Run - BigDL Project

Set Environment Variables

To achieve high performance, BigDL uses Intel MKL and multi-threaded programming; therefore, you need to first set the environment variables by sourcing the provided script, as follows:

$ source PATH_To_BigDL/scripts/bigdl.sh

Use Interactive Spark Shell

First, set environmental variables as described in Set Environment Variables.

Then you can try BigDL easily using the Spark interactive shell. Run below command to start spark shell with BigDL support:

$ SPARK_HOME/bin/spark-shell --properties-file dist/conf/spark-bigdl.conf    \
  --jars bigdl-VERSION-jar-with-dependencies.jar

You will see a welcome message looking like below:

Welcome to
      ____              __
     / __/__  ___ _____/ /__
    _\ \/ _ \/ _ `/ __/  '_/
   /___/ .__/\_,_/_/ /_/\_\   version 1.6.0
      /_/

Using Scala version 2.10.5 (Java HotSpot(TM) 64-Bit Server VM, Java 1.7.0_79)
Spark context available as sc.
scala>

To use BigDL, you should first initialize the engine as below.

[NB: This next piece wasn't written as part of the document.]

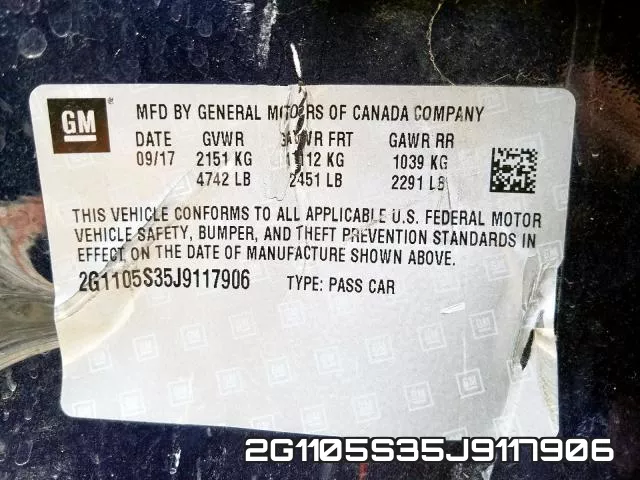 2G1105S35J9117906 фото 2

scala>import com.intel.analytics.bigdl.utils.Engine
scala>Engine.init

Once the engine is successfully initialted, you'll be able to play with BigDL API's. For instance, to experiment with the Tensor APIs in BigDL, you may try below code:

scala> import com.intel.analytics.bigdl.tensor.Tensor
import com.intel.analytics.bigdl.tensor.Tensor

scala> Tensor[Double](2,2).fill(1.0)
res9: com.intel.analytics.bigdl.tensor.Tensor[Double] =
1.0     1.0
1.0     1.0
[com.intel.analytics.bigdl.tensor.DenseTensor of size 2x2]

Run as a Spark Program

First, set environmental variables as described in Set Environment Variables.

Then you can run a BigDL program, e.g., the VGG training, as a standard Spark program (running in either local mode or cluster mode) as follows:

1.Download the CIFAR-10 data from here. Remember to choose the binary version.

2.Run the VGG training.

  # Spark local mode
  spark-submit --master local[core_number] --class com.intel.analytics.bigdl.models.vgg.Train \
  ${BIGDL_HOME}/dist/lib/bigdl-VERSION-jar-with-dependencies.jar \
  -f path_to_your_cifar_folder \
  -b batch_size

  # Spark standalone mode
  spark-submit --master spark://... --executor-cores cores_per_executor \
  --total-executor-cores total_cores_for_the_job \
  --class com.intel.analytics.bigdl.models.vgg.Train \
  dist/lib/bigdl-VERSION-jar-with-dependencies.jar \
  -f path_to_your_cifar_folder \
  -b batch_size

  # Spark yarn mode
  spark-submit --master yarn --deploy-mode client \
  --executor-cores cores_per_executor \
  --num-executors executors_number \
  --class com.intel.analytics.bigdl.models.vgg.Train \
  dist/lib/bigdl-VERSION-jar-with-dependencies.jar \
  -f path_to_your_cifar_folder \
  -b batch_size

The parameters used in the above command are:

-f: The folder where your put the CIFAR-10 data set. Note in this example, this is just a local file folder on the Spark driver; as the CIFAR-10 data is somewhat small (about 120MB), we will directly send it from the driver to executors in the example.
-b: The mini-batch size. The mini-batch size is expected to be a multiple of total cores used in the job. In this example, the mini-batch size is suggested to be set to total cores * 4

If you are to run your own program, do remember to create SparkContext and initialize the engine before call other BigDL API's, as shown below.

 // Scala code example
 val conf = Engine.createSparkConf()
 val sc = new SparkContext(conf)
 Engine.init